ROANOKE TIMES

                         Roanoke Times
                 Copyright (c) 1995, Landmark Communications, Inc.

DATE: THURSDAY, September 23, 1993                   TAG: 9309230225
SECTION: NATIONAL/INTERNATIONAL                    PAGE: A-1   EDITION: METRO 
SOURCE: Knight-Ridder/Tribune
DATELINE: WASHINGTON                                LENGTH: Medium


CLINTON PLEDGES HEALTH SECURITY

Holding up a "health security card," President Clinton on Wednesday called on Congress to make health insurance a basic right for all Americans, a far-reaching expansion of society's safety net that would surpass the scope of Social Security.

"At long last, after decades of false starts, we must make this our most urgent priority: giving every American health security, health care that can never be taken away, health care that is always there," Clinton said before a nationally televised joint session of Congress.
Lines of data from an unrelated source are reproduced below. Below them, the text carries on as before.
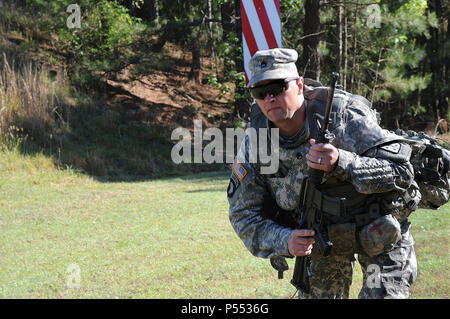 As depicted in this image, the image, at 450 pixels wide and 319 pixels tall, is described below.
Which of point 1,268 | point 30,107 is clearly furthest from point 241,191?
point 30,107

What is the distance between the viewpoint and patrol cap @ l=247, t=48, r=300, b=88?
118 inches

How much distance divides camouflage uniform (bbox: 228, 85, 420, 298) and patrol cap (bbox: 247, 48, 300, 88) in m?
0.27

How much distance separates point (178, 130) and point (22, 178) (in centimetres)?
644

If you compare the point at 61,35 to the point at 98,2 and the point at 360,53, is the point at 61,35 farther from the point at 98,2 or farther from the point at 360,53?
the point at 360,53

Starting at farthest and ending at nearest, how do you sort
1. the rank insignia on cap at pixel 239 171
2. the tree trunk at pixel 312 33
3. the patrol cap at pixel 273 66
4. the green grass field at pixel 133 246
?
the tree trunk at pixel 312 33 < the green grass field at pixel 133 246 < the rank insignia on cap at pixel 239 171 < the patrol cap at pixel 273 66

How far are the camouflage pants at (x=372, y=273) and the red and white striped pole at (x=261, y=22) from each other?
67.6 inches

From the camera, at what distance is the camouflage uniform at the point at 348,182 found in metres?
2.86

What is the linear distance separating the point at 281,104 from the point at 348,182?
584 millimetres

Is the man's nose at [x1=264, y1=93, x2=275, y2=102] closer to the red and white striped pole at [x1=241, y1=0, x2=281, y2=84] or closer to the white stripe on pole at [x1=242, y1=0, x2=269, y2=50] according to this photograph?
the red and white striped pole at [x1=241, y1=0, x2=281, y2=84]

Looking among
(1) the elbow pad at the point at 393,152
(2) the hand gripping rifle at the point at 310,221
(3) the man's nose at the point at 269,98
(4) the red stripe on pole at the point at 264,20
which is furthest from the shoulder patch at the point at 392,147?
(4) the red stripe on pole at the point at 264,20

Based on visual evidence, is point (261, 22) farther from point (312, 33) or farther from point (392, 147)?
point (312, 33)

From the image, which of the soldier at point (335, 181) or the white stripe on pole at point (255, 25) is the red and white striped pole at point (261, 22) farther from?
the soldier at point (335, 181)

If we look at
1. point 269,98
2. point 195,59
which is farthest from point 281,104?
point 195,59

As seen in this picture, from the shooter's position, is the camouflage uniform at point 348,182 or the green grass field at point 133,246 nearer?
the camouflage uniform at point 348,182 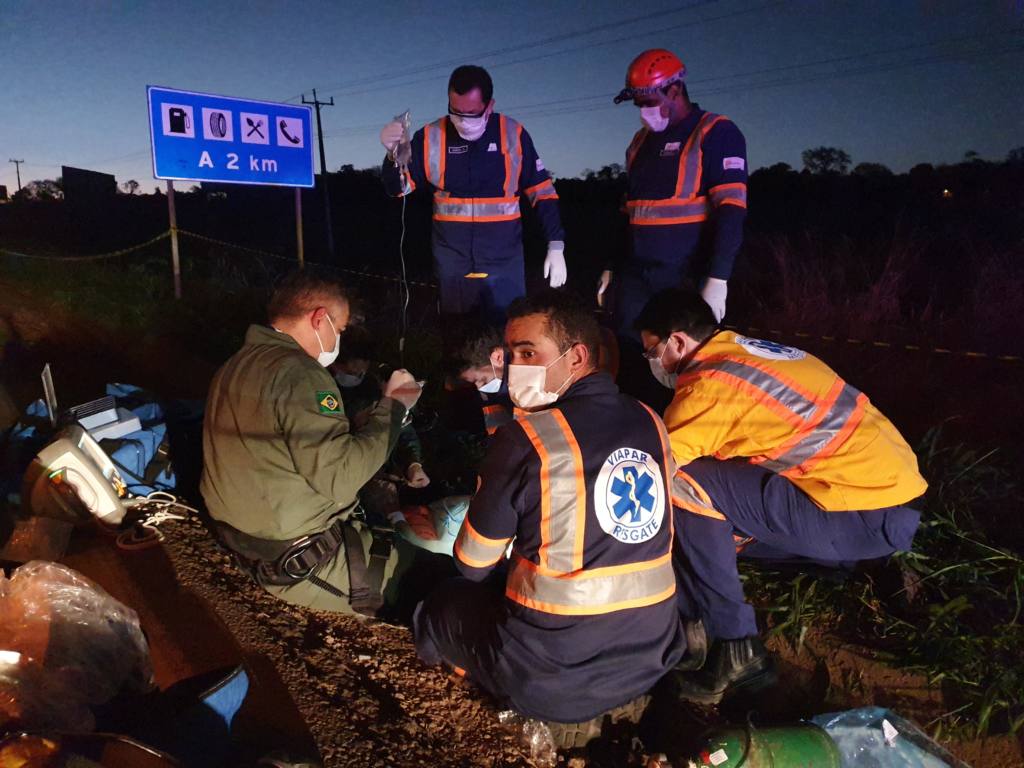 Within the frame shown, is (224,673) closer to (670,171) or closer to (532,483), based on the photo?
(532,483)

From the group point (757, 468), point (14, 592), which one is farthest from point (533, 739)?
point (14, 592)

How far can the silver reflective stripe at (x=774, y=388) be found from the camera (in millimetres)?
2422

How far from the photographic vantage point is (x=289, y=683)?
2479 millimetres

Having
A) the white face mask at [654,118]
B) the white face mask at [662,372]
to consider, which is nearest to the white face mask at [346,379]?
the white face mask at [662,372]

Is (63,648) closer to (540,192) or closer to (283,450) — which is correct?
(283,450)

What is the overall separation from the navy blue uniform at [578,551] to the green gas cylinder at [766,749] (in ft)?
0.84

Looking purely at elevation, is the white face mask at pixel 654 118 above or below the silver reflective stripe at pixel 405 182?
above

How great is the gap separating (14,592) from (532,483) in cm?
166

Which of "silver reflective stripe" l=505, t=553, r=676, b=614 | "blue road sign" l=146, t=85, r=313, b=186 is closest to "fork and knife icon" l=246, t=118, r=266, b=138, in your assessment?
"blue road sign" l=146, t=85, r=313, b=186

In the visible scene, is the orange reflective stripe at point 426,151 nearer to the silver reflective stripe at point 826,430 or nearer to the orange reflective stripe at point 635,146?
the orange reflective stripe at point 635,146

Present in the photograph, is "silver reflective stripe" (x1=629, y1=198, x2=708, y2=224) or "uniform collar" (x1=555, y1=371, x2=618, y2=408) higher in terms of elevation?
"silver reflective stripe" (x1=629, y1=198, x2=708, y2=224)

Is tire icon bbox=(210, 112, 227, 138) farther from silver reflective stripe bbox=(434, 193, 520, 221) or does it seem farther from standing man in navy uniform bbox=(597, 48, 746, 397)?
standing man in navy uniform bbox=(597, 48, 746, 397)

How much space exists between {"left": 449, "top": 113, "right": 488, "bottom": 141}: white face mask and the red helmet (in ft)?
3.21

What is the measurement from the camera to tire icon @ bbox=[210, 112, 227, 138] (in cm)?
700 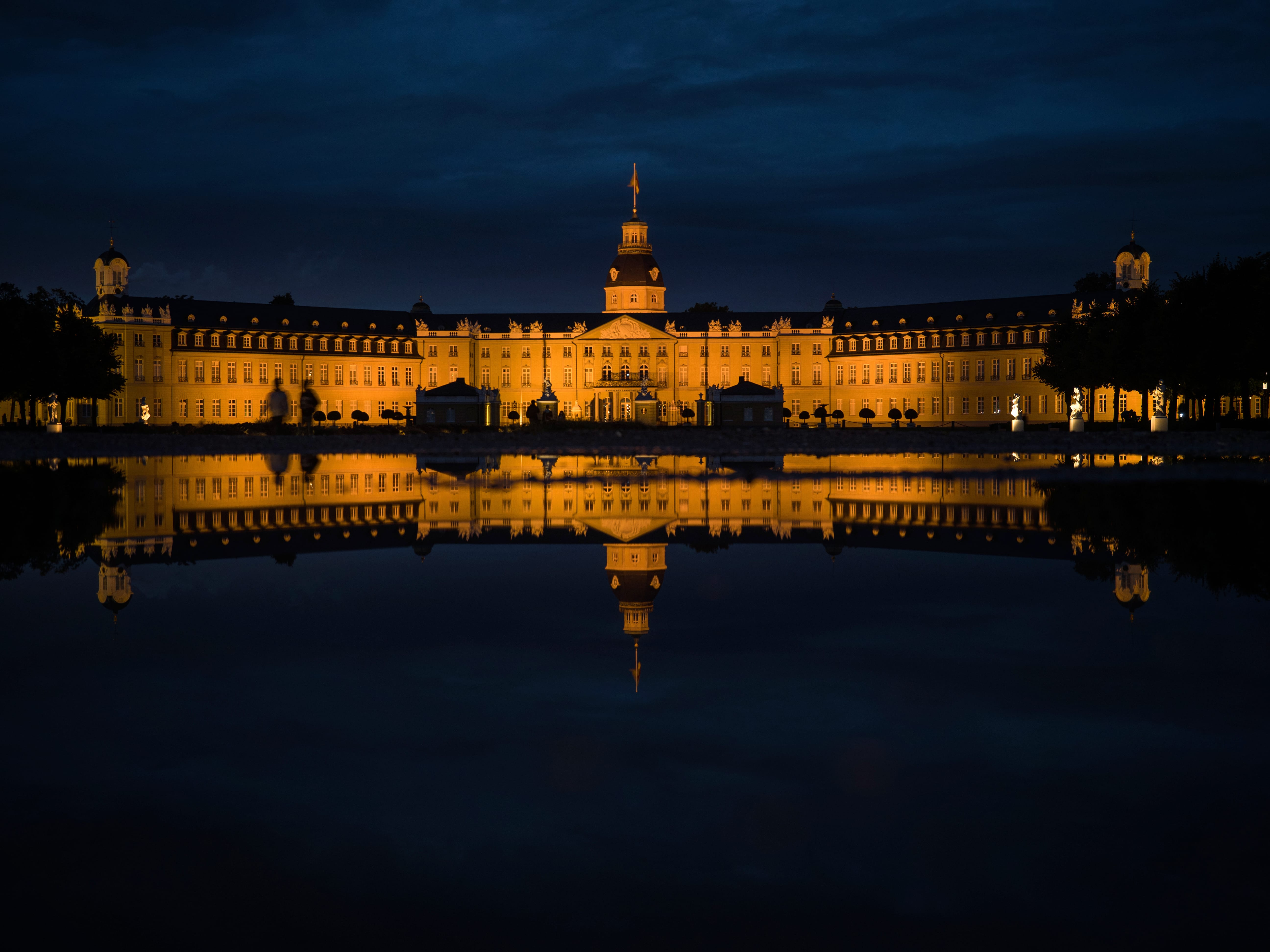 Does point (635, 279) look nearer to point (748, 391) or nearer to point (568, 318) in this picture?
point (568, 318)

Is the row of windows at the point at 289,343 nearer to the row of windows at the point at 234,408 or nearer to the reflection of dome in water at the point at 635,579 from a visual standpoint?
the row of windows at the point at 234,408

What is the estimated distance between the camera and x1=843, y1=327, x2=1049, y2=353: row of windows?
137 meters

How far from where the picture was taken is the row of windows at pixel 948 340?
450ft

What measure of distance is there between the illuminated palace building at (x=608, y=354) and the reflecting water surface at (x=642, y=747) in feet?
405

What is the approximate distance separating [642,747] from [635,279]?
518ft

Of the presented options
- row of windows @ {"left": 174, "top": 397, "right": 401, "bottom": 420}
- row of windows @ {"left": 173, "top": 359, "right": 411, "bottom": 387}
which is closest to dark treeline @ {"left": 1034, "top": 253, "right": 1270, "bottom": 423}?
row of windows @ {"left": 174, "top": 397, "right": 401, "bottom": 420}

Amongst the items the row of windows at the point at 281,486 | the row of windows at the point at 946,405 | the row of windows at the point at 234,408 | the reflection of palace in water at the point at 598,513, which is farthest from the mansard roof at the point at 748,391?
the row of windows at the point at 281,486

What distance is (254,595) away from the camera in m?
11.3

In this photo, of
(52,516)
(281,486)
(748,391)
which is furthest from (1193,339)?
(52,516)

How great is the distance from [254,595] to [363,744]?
548 cm

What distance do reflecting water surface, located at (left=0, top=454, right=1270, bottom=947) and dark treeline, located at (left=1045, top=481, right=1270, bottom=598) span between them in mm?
173

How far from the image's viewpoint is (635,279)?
531 feet

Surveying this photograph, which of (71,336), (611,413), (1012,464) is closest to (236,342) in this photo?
(611,413)

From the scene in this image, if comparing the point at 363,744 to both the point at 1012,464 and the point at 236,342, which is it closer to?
the point at 1012,464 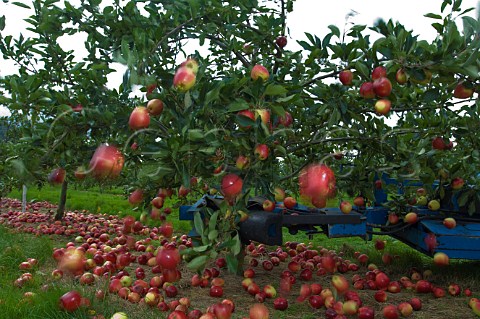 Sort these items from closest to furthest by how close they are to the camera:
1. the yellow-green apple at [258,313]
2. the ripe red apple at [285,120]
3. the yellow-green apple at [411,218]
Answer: the ripe red apple at [285,120], the yellow-green apple at [258,313], the yellow-green apple at [411,218]

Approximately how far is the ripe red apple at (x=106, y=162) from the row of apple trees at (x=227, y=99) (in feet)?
0.37

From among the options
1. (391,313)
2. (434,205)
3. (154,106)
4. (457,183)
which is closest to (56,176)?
(154,106)

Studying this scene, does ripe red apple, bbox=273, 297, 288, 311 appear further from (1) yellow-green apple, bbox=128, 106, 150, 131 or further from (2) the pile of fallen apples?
(1) yellow-green apple, bbox=128, 106, 150, 131

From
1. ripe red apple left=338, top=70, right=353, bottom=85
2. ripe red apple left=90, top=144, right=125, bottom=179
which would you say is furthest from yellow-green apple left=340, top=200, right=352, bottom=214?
ripe red apple left=90, top=144, right=125, bottom=179

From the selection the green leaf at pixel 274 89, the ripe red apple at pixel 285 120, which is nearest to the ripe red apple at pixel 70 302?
the ripe red apple at pixel 285 120

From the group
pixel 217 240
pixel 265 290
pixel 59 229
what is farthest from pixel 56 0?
pixel 59 229

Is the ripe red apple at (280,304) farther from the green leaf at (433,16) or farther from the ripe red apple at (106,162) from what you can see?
the green leaf at (433,16)

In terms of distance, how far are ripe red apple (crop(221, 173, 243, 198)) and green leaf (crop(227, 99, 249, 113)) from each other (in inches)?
14.5

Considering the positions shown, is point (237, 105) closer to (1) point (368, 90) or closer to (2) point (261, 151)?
(2) point (261, 151)

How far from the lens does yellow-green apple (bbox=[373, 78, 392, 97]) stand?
6.51 feet

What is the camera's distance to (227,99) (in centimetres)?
200

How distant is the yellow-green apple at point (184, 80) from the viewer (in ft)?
5.95

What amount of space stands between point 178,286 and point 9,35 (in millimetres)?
2412

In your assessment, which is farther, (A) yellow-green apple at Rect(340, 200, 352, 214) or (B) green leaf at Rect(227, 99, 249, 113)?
(A) yellow-green apple at Rect(340, 200, 352, 214) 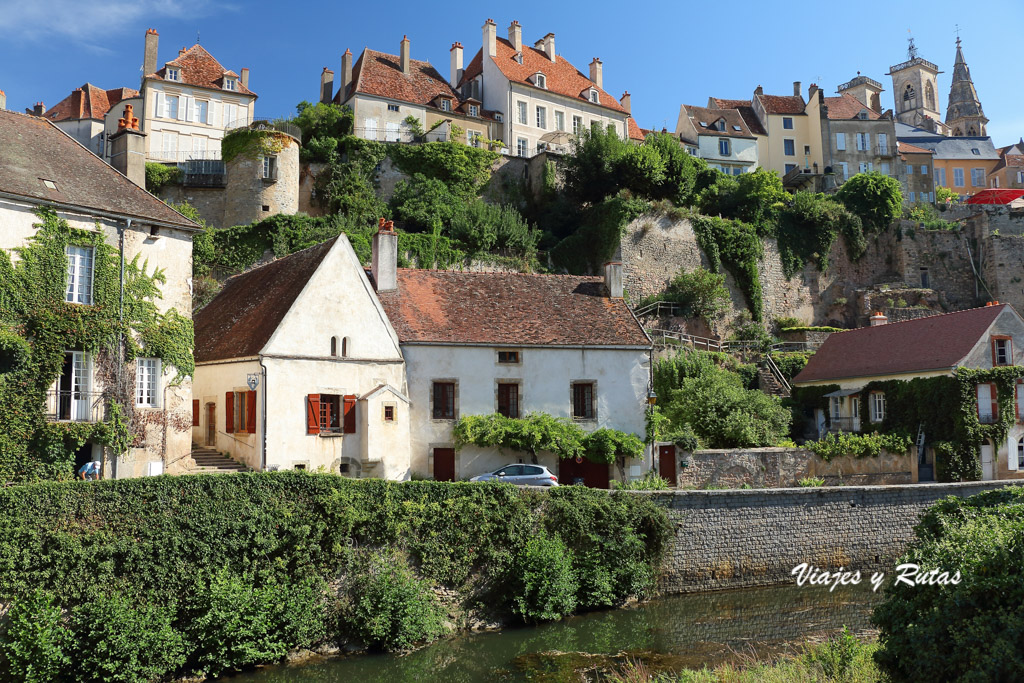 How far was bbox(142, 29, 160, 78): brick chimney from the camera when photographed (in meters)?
42.8

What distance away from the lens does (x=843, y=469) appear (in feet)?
88.3

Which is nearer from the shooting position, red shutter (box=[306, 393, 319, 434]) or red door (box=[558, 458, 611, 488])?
red shutter (box=[306, 393, 319, 434])

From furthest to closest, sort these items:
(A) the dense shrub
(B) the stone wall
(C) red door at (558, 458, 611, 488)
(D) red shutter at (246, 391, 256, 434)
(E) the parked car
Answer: (C) red door at (558, 458, 611, 488)
(E) the parked car
(D) red shutter at (246, 391, 256, 434)
(B) the stone wall
(A) the dense shrub

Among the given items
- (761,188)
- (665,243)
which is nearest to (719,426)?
(665,243)

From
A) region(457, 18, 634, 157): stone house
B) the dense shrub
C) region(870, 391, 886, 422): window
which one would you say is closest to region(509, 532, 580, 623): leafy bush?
the dense shrub

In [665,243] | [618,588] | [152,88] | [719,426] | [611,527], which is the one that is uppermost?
[152,88]

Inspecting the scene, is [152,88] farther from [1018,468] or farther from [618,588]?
[1018,468]

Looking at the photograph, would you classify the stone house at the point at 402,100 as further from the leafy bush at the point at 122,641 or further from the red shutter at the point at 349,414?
the leafy bush at the point at 122,641

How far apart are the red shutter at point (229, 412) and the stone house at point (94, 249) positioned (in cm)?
154

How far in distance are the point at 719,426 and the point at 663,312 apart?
13175 mm

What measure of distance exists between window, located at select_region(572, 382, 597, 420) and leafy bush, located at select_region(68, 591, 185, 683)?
13.7 m

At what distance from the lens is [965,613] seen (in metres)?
10.3

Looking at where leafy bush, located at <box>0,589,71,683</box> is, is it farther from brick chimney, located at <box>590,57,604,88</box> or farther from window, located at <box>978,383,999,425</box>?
brick chimney, located at <box>590,57,604,88</box>

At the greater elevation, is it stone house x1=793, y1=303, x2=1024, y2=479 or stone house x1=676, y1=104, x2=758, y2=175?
stone house x1=676, y1=104, x2=758, y2=175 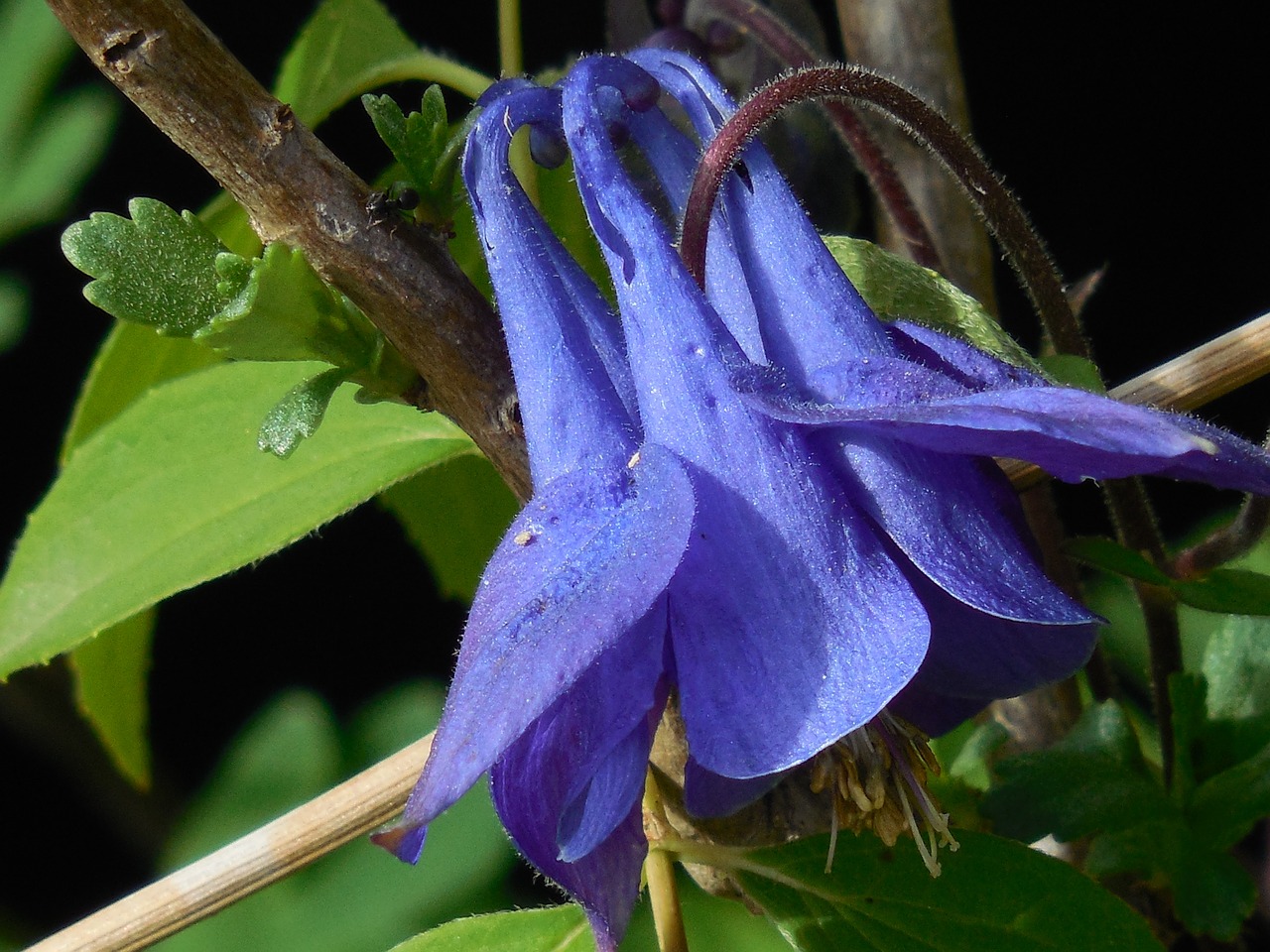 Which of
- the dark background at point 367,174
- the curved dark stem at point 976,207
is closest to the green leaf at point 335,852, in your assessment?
the dark background at point 367,174

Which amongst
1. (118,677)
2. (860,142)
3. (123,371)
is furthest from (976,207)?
(118,677)

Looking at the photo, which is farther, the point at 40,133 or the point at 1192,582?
the point at 40,133

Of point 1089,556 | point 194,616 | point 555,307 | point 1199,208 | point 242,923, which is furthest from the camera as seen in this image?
point 194,616

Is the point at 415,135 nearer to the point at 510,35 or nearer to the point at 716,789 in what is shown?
the point at 716,789

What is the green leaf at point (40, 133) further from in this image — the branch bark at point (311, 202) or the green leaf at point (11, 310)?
the branch bark at point (311, 202)

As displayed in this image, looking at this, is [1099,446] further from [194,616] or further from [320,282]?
[194,616]

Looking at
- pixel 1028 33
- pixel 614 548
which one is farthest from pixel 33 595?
pixel 1028 33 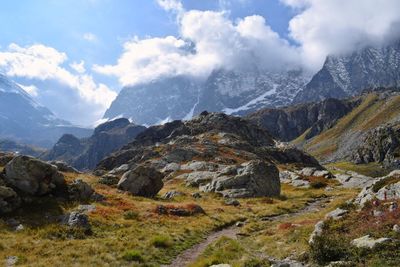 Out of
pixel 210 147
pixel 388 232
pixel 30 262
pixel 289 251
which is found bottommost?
pixel 30 262

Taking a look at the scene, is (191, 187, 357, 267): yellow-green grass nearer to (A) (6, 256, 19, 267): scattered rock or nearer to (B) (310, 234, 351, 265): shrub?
(B) (310, 234, 351, 265): shrub

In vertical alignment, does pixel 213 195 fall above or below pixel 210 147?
below

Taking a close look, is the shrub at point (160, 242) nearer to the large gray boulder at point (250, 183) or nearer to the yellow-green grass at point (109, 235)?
the yellow-green grass at point (109, 235)

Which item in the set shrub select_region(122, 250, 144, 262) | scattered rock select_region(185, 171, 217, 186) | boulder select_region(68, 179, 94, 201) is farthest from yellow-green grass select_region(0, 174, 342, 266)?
scattered rock select_region(185, 171, 217, 186)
"It is a magic moment, and we must seize it," Clinton said to ringing applause. The president spoke with evident feeling during his 53-minute address, often departing from his pencil-marked text.

Interrupted 34 times by applause, Clinton drew the warmest response when speaking extemporaneously.

Clinton asserted that health-care reform can be financed largely by eliminating waste and abuse, but he did not provide details.

He called for increased taxes on cigarettes - expected to be at least 75 cents a pack - and a fee on big companies that opt out of the redesigned health-care system. Administration officials said the corporate fee would amount to less than 1 percent of payroll.

"I believe, as strongly as I can say, that we can reform the costliest and most wasteful health-care system on Earth without any new broad-based taxes," Clinton said.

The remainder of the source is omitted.